[Collected data]

--------

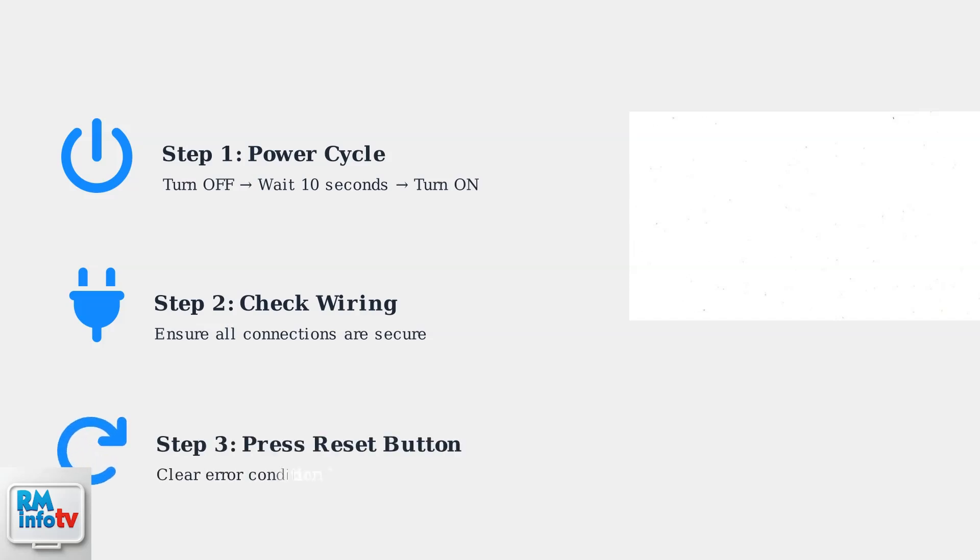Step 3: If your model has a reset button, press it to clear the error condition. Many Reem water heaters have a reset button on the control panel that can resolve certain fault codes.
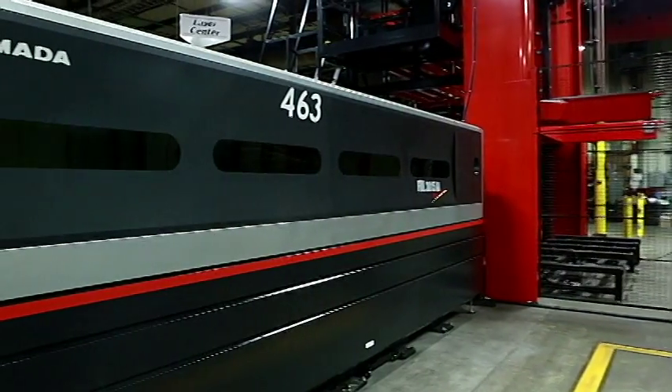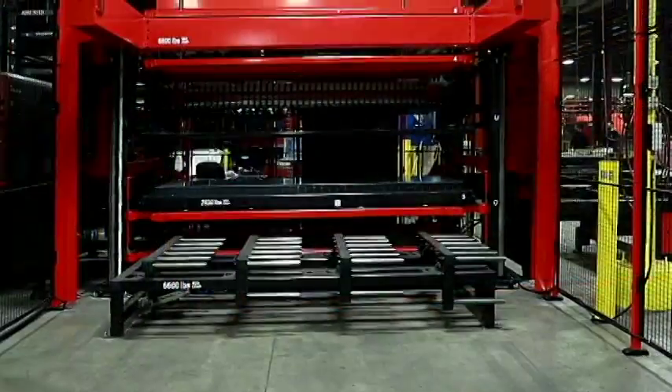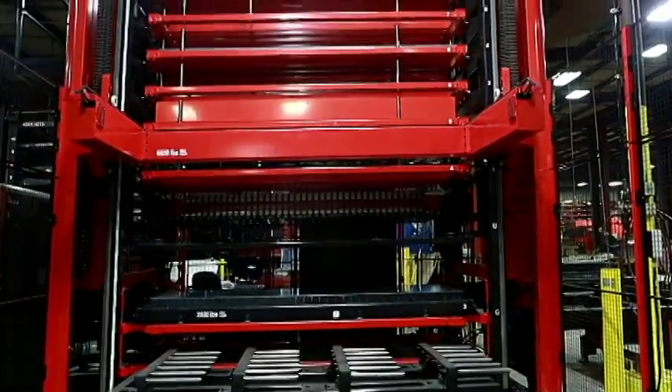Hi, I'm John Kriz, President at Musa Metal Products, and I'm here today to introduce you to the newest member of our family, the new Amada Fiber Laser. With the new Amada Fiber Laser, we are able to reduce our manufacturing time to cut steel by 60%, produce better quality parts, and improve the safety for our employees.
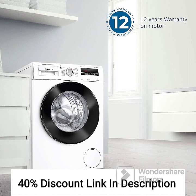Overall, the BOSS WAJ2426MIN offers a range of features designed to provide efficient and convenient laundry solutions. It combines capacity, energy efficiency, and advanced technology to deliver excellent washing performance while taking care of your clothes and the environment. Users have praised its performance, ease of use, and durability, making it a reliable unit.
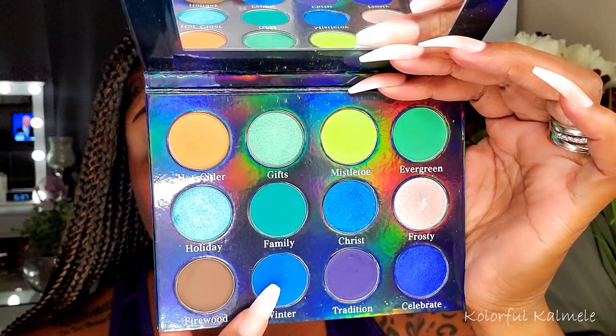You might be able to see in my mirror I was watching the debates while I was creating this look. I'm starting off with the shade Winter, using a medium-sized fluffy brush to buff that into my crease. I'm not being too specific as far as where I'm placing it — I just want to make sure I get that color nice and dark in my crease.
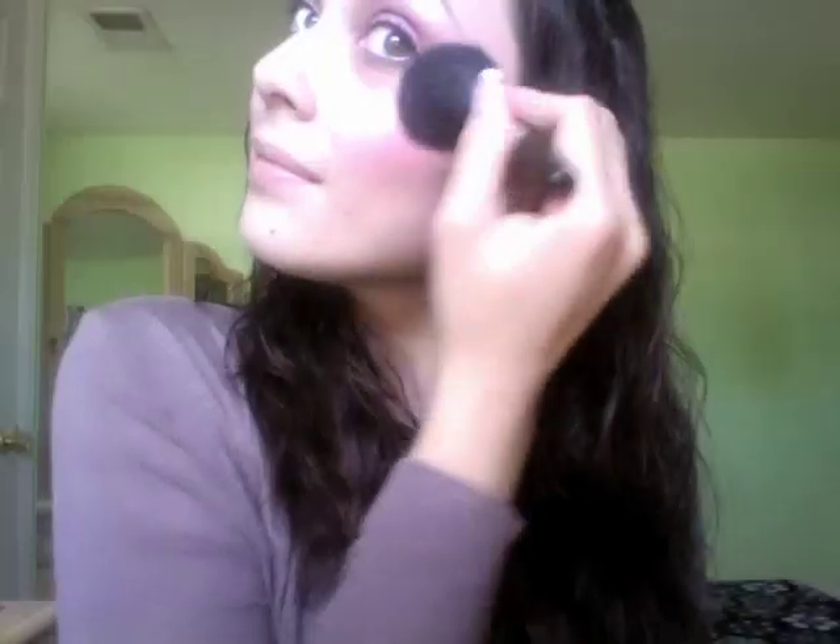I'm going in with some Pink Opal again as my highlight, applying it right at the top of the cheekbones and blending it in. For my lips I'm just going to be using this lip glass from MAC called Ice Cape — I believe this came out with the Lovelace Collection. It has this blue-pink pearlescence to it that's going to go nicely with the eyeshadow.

--------

=== Problem to work on ===
The output should consist of the records above, reproduced exactly, without pictures.

=== Your solution ===
Step 3: If your model has a reset button, press it to clear the error condition. Many Reem water heaters have a reset button on the control panel that can resolve certain fault codes.
Hi, I'm John Kriz, President at Musa Metal Products, and I'm here today to introduce you to the newest member of our family, the new Amada Fiber Laser. With the new Amada Fiber Laser, we are able to reduce our manufacturing time to cut steel by 60%, produce better quality parts, and improve the safety for our employees.
Overall, the BOSS WAJ2426MIN offers a range of features designed to provide efficient and convenient laundry solutions. It combines capacity, energy efficiency, and advanced technology to deliver excellent washing performance while taking care of your clothes and the environment. Users have praised its performance, ease of use, and durability, making it a reliable unit.
You might be able to see in my mirror I was watching the debates while I was creating this look. I'm starting off with the shade Winter, using a medium-sized fluffy brush to buff that into my crease. I'm not being too specific as far as where I'm placing it — I just want to make sure I get that color nice and dark in my crease.
I'm going in with some Pink Opal again as my highlight, applying it right at the top of the cheekbones and blending it in. For my lips I'm just going to be using this lip glass from MAC called Ice Cape — I believe this came out with the Lovelace Collection. It has this blue-pink pearlescence to it that's going to go nicely with the eyeshadow.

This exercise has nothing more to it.